Strona:PL De Montepin - Potworna matka.pdf/479

Z Wikiźródeł, wolnej biblioteki
Ta strona została skorygowana.

— Niepodobna, ażeby ojciec do niej nie napisał — mówił sobie. — List adresował do Boissy... a ponieważ Joanna nie zgłosiła się do mnie, więc nie musiała listu odebrać, co dowodzi, że nie ma jej w Boissy... Muszę się dowiedzieć, gdzie ona się znajduje... Najgłówniejsze, ażeby Bertinota ułaskawili. Dowiem się od mojego przyjaciela Mirella...
Ubrał się i podążył do ministerium.

∗             ∗

W wilię ślubu Heleny Tordier i Prospera Rivet, pan de Roncerny siedział w swoim gabinecie i przeglądał listy, z poczty przyniesione.
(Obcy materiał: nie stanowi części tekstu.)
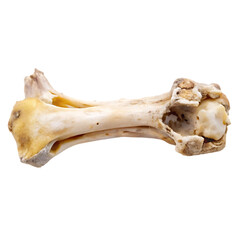 Fototapeta premium dead sea shell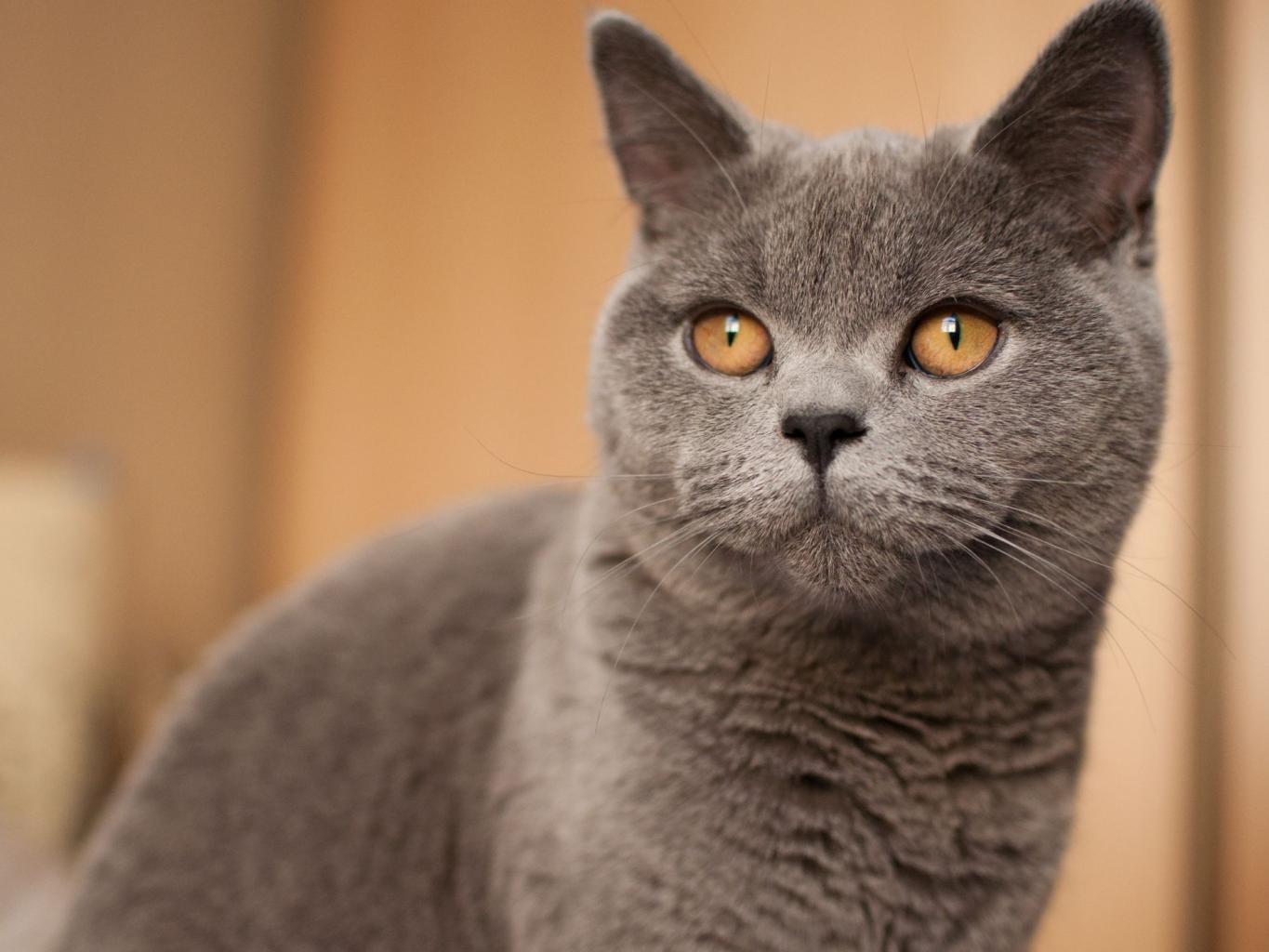 Lagi penipuan jualan kucing online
Między innymi jeden zwrócił jego uwagę z powodu wyglądu urzędowego.
Otworzył go: był to list od sędziego, zajmującego się sprawą Lucjana, i zawierał co następuje:

„Panie hrabio!

„Zdecydowałem się na uwolnienie Lucjana Gobert za kaucją. Jeżeli pan hrabia i pański przyjaciel, pan wicehrabia de Beuil, nie zmieniliście zamiaru, w takim razie chciejcie szanowni panowie przybyć jutro do mojego biura.
„Racz przyjąć, panie hrabio, wyrazy prawdziwego poważania“.
Zaledwie pan Roncerny skończył czytanie, gdy do gabinetu wpadł Gaston de Beuil, z listem w ręku.
— Odebrałem zawiadomienie, żądają kaucji — wołał. — Pragnę Lucjanowi jak najprędzej dać możność opuszczenia murów więzienia.
— A więc jedziemy do Paryża zaraz po śniadaniu... Czy powiedziałeś o tym twojej narzeczonej?
— Nie jeszcze... Chciałem najpierw z panem mówić.